**Requirement:** Output the entries word for word. Omit images.

**Data for this exercise:**
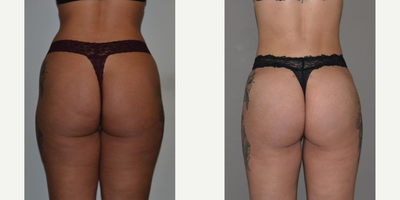 Power-Assisted Liposuction (PAL) before and after photo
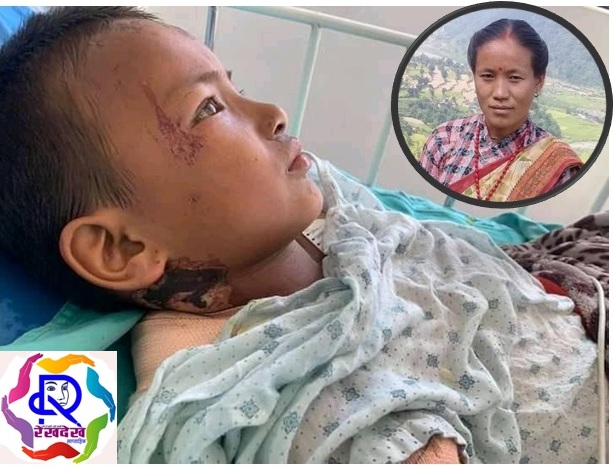 करेन्ट लागेर घाईते छोराको उपचारमा सहयोग गर्न आमाको अपिल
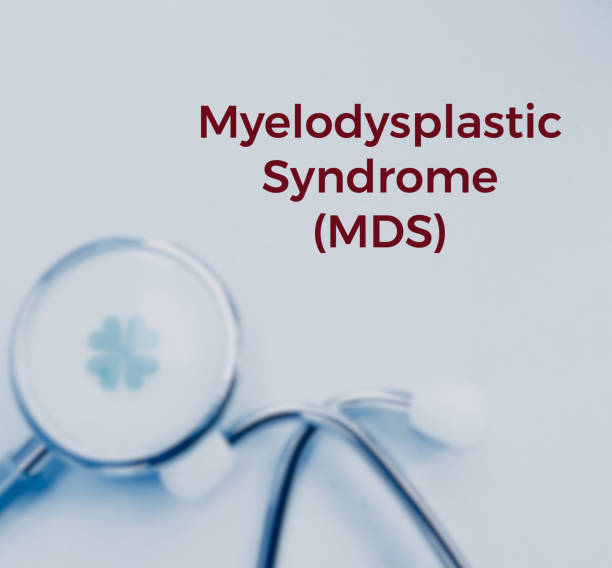 Understanding MDS Disease Treatment Options
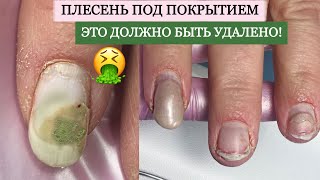 🦠 плесень под покрытием 😟 это должно быть удалено ❌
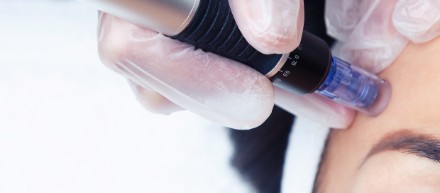 Microneedling treatment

**Response to the task:**
 Power-Assisted Liposuction (PAL) before and after photo
 करेन्ट लागेर घाईते छोराको उपचारमा सहयोग गर्न आमाको अपिल
 Understanding MDS Disease Treatment Options
 🦠 плесень под покрытием 😟 это должно быть удалено ❌
 Microneedling treatment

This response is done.